ABOUT THIS EXERCISE =
Reproduce everything from the line that contains "Floor Plan Second" down to the line that contains "Cole Haan Belt" in the listing below, word for word and nothing more. Leave the pictures out.

MATERIAL FOR THE TASK =

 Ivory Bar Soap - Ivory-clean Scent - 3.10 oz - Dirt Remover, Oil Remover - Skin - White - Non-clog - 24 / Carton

* * *

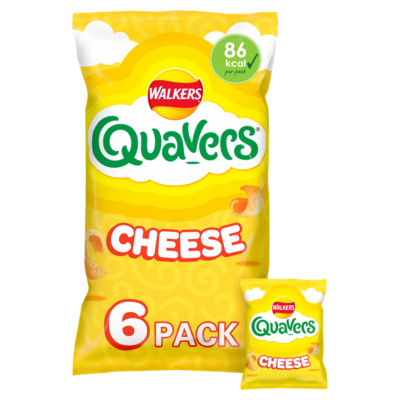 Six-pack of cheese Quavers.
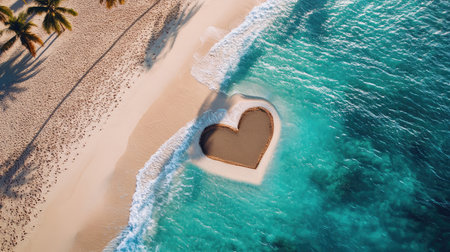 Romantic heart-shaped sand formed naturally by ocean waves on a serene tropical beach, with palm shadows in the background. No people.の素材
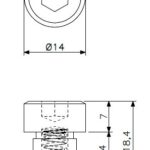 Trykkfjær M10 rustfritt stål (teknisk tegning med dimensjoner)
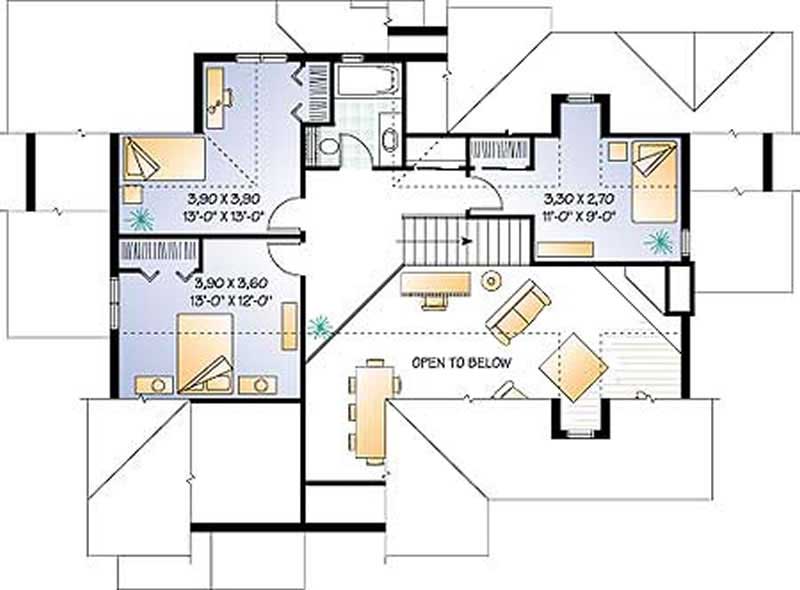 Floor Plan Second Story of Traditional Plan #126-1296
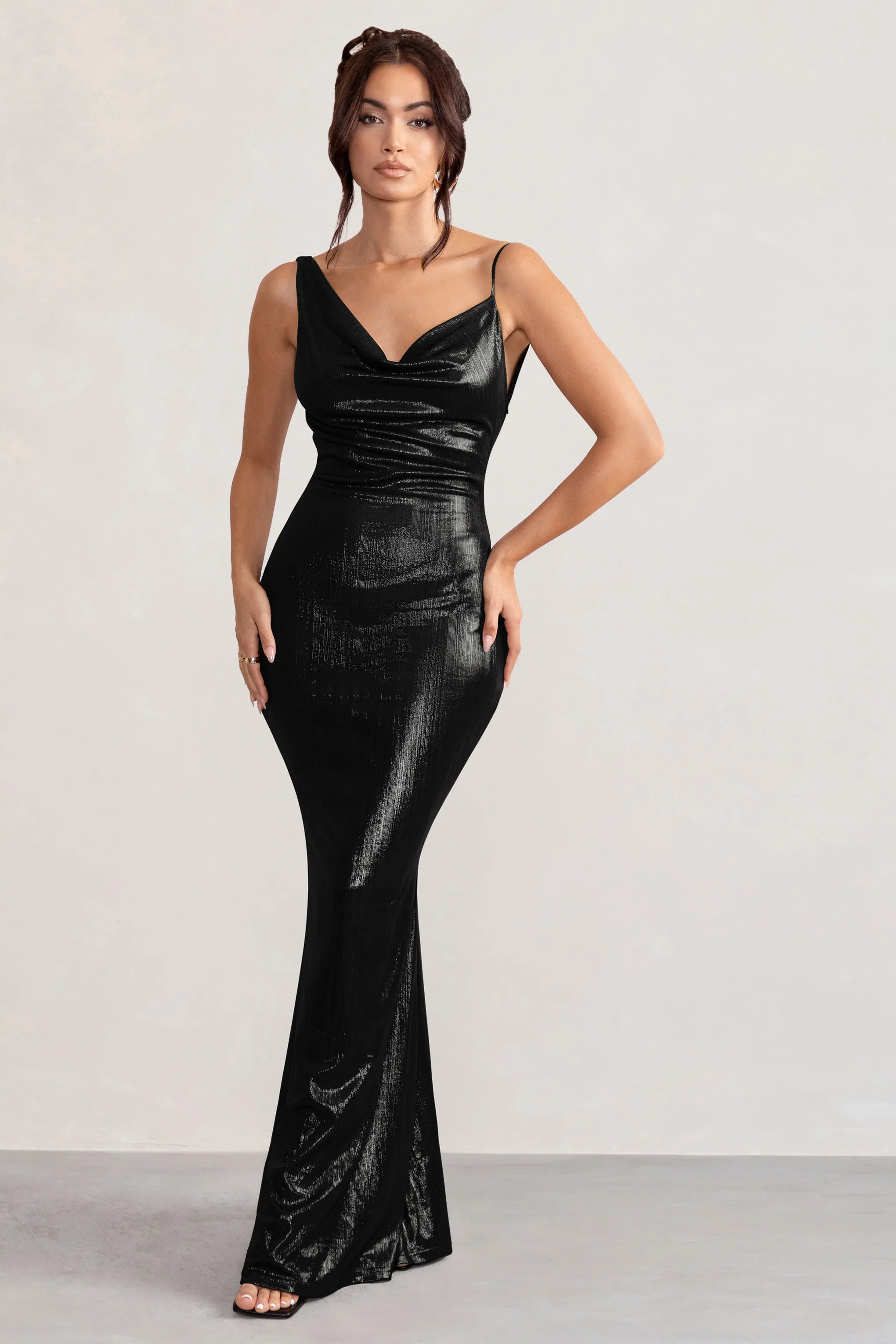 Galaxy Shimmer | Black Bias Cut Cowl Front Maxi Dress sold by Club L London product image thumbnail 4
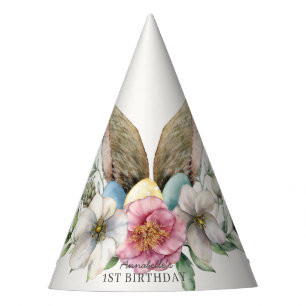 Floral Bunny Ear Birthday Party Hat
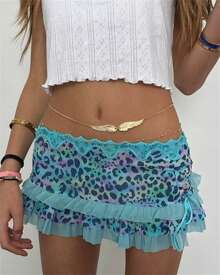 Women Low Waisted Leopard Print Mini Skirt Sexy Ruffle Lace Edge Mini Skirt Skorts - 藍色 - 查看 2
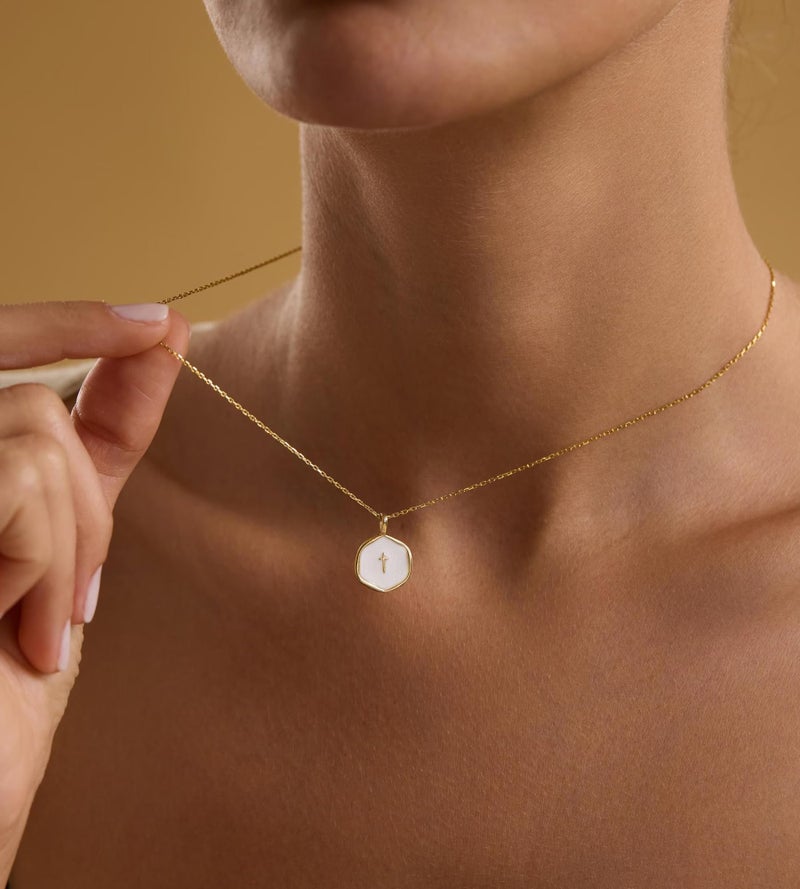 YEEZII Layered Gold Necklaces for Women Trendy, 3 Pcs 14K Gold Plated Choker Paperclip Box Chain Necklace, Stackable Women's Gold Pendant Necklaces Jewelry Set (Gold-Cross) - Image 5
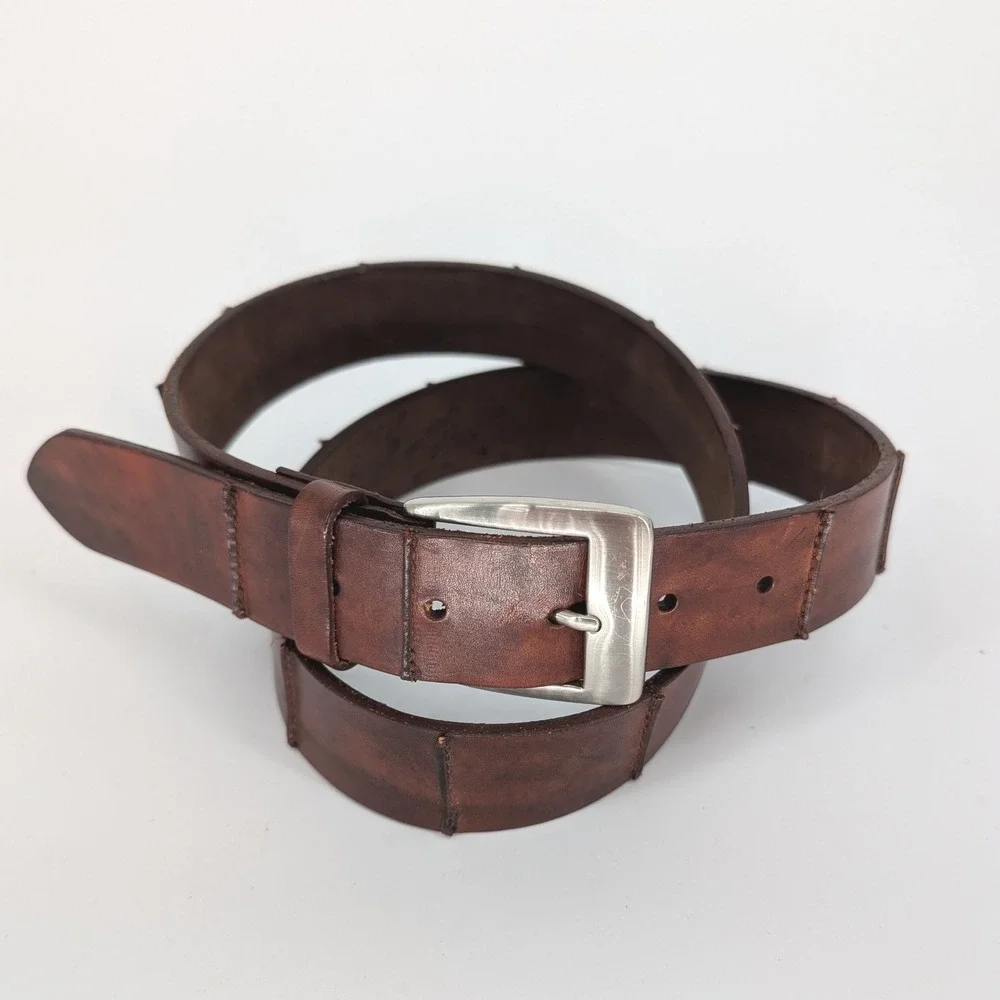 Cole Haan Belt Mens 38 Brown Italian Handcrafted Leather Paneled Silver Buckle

ANSWER FOR THE TASK =
 Floor Plan Second Story of Traditional Plan #126-1296
 Galaxy Shimmer | Black Bias Cut Cowl Front Maxi Dress sold by Club L London product image thumbnail 4
 Floral Bunny Ear Birthday Party Hat
 Women Low Waisted Leopard Print Mini Skirt Sexy Ruffle Lace Edge Mini Skirt Skorts - 藍色 - 查看 2
 YEEZII Layered Gold Necklaces for Women Trendy, 3 Pcs 14K Gold Plated Choker Paperclip Box Chain Necklace, Stackable Women's Gold Pendant Necklaces Jewelry Set (Gold-Cross) - Image 5
 Cole Haan Belt Mens 38 Brown Italian Handcrafted Leather Paneled Silver Buckle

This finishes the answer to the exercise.